**EXERCISE DESCRIPTION**
Please transcribe exactly the lines from the line holding "Photo 2 VIN: WDDGF8BB6BR170118" through the end of the data below, and skip any pictures.

--- RECORDS PROVIDED ---

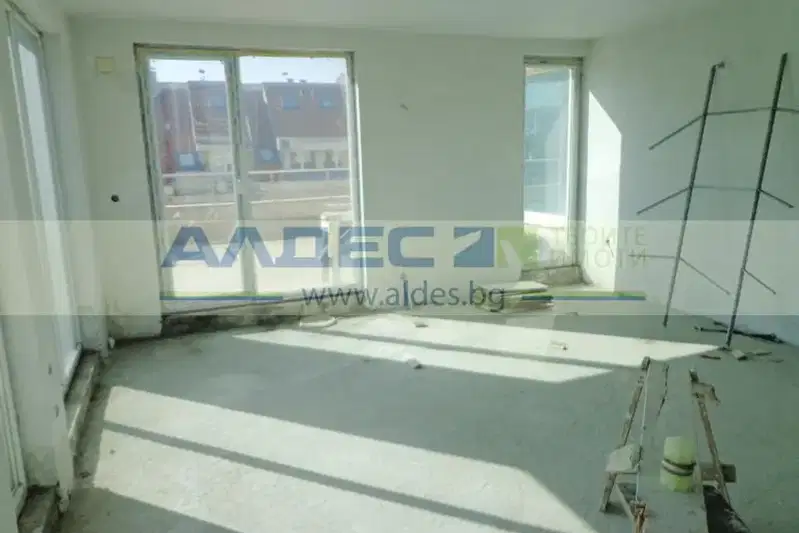 Spacious 2-room apartment in Pavlovo with large terrace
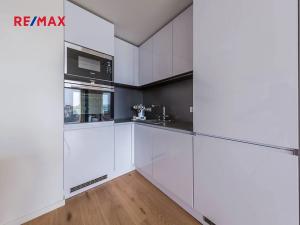 Prodej bytu 3+kk, Praha - Libeň, Menclova, 101 m2
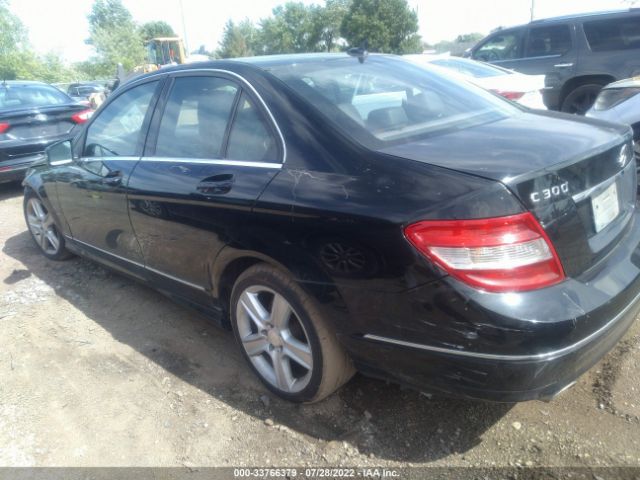 Photo 2 VIN: WDDGF8BB6BR170118 - MERCEDES-BENZ C 300 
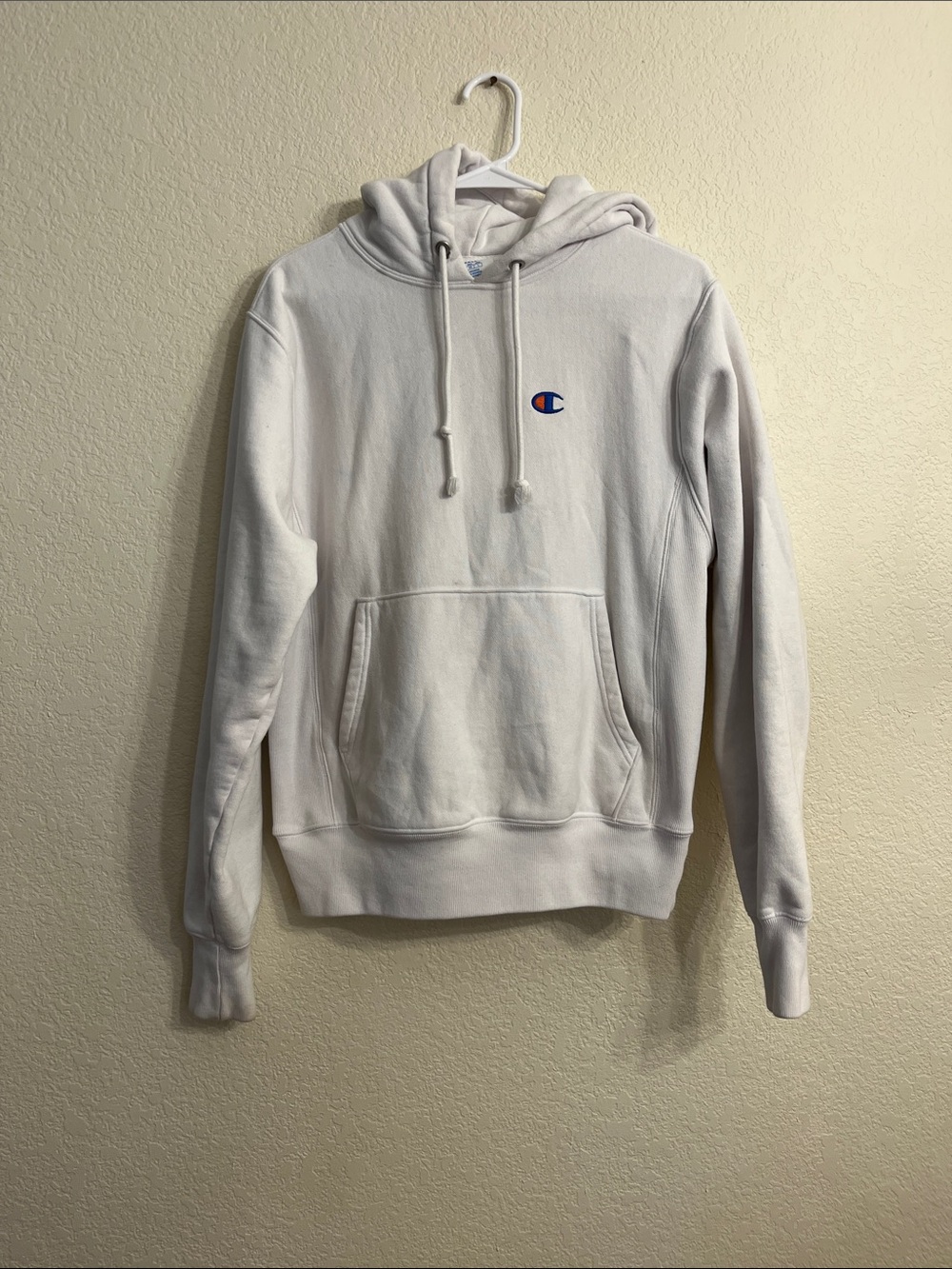 Streetwear Champion White Pullover Hoodie with Small Logo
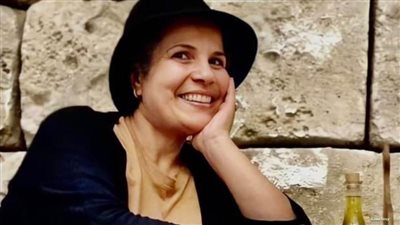 نجوى بن شتوان | كاتبة ليبية برزت في الجائزة العالمية للرواية العربية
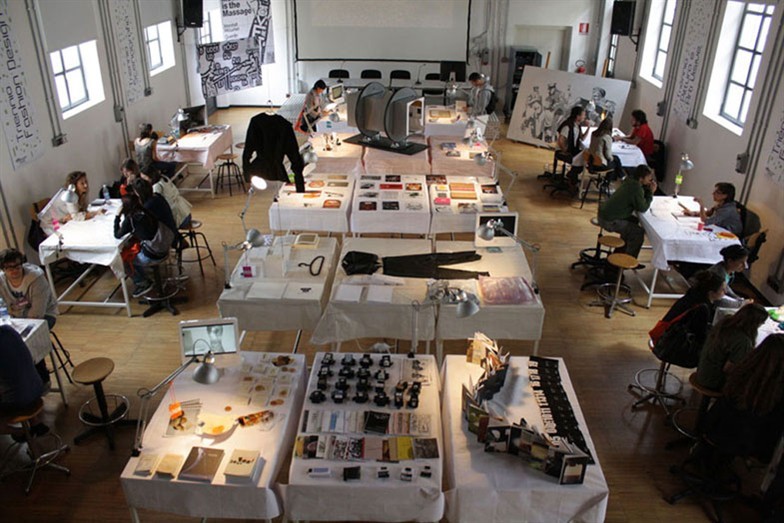 Стипендии 30-70% на обучение в Италии, Милан,  по программе «Модный дизайн и визуальный мерчандайзинг» В университете дизайна Domus Academy в 2015 году.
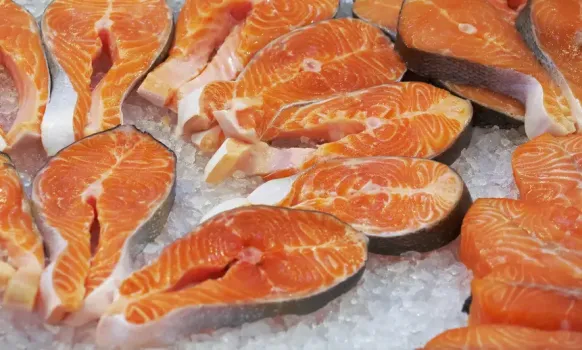 Цены на рыбу и икру в ХМАО бьют рекорды: сколько стоят деликатесы на Новый год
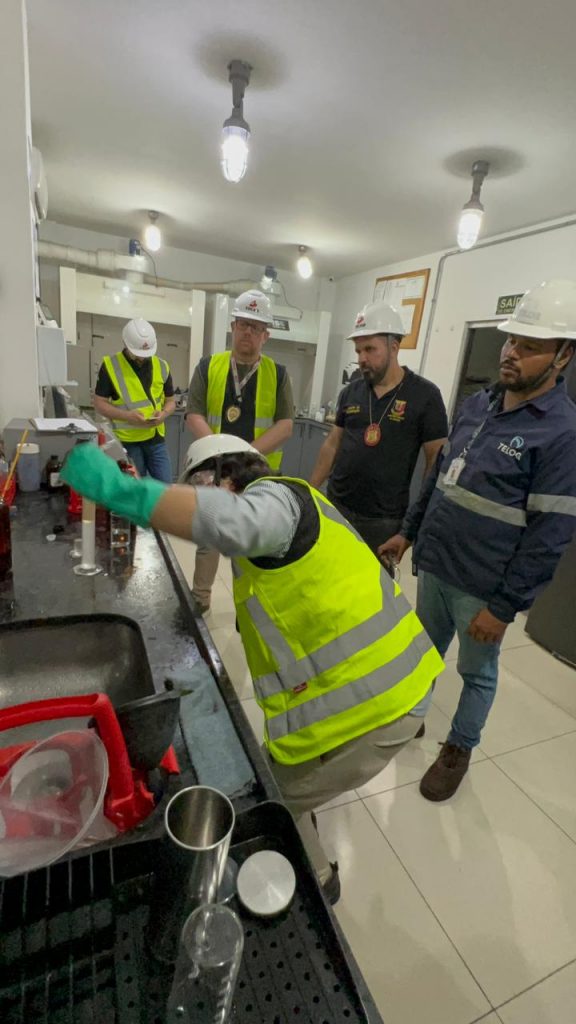 Nos caminhões verificados, a equipe encontrou gasolina com teor alcoólico 4% acima do permitido; Denúncia foi feita pelo proprietário do posto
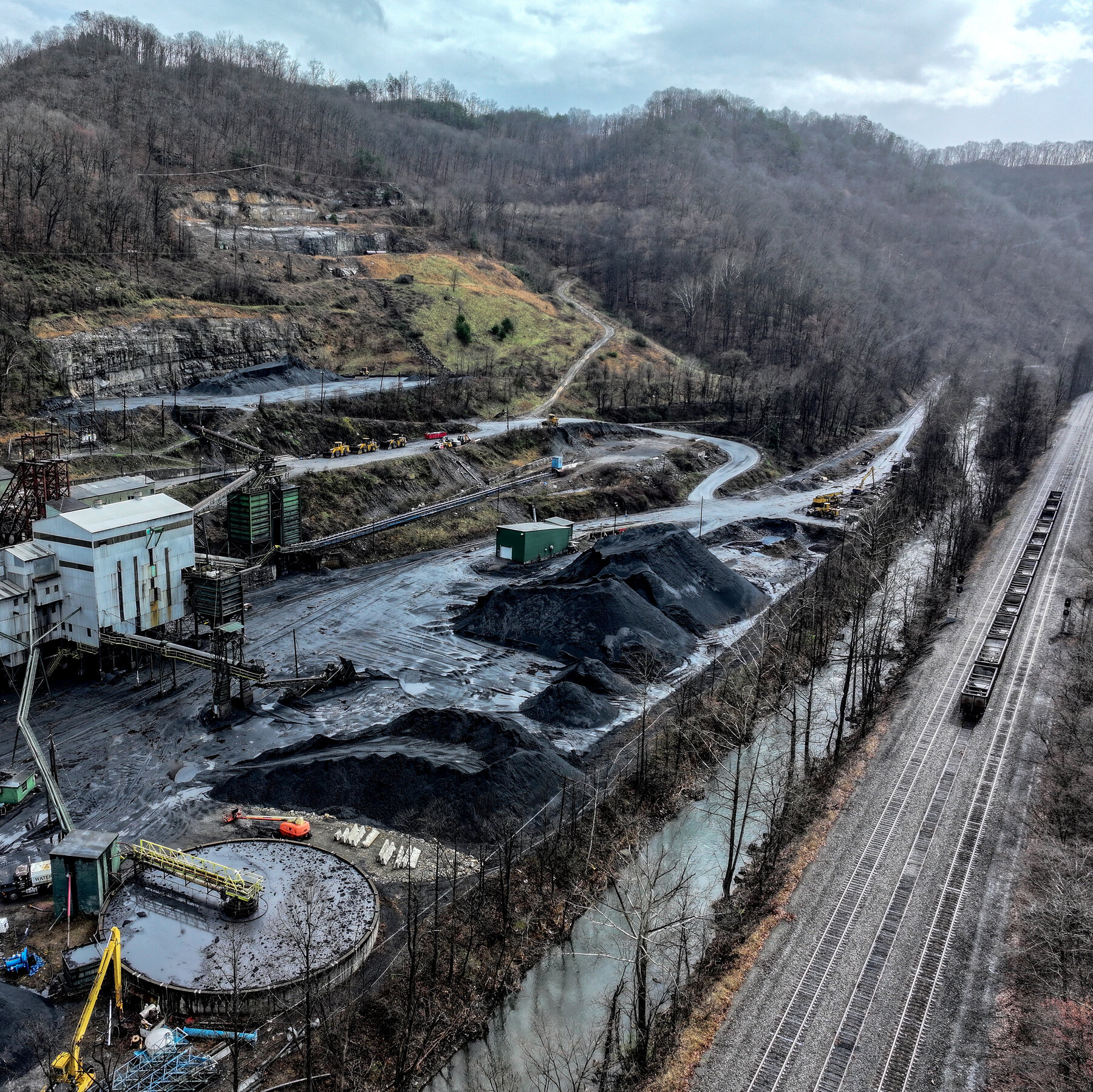 Trump to Sign Executive Order Aimed at Reviving U.S. Coal Industry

---

**ANSWER SPACE**
 Photo 2 VIN: WDDGF8BB6BR170118 - MERCEDES-BENZ C 300 
 Streetwear Champion White Pullover Hoodie with Small Logo
 نجوى بن شتوان | كاتبة ليبية برزت في الجائزة العالمية للرواية العربية
 Стипендии 30-70% на обучение в Италии, Милан,  по программе «Модный дизайн и визуальный мерчандайзинг» В университете дизайна Domus Academy в 2015 году.
 Цены на рыбу и икру в ХМАО бьют рекорды: сколько стоят деликатесы на Новый год
 Nos caminhões verificados, a equipe encontrou gasolina com teor alcoólico 4% acima do permitido; Denúncia foi feita pelo proprietário do posto
 Trump to Sign Executive Order Aimed at Reviving U.S. Coal Industry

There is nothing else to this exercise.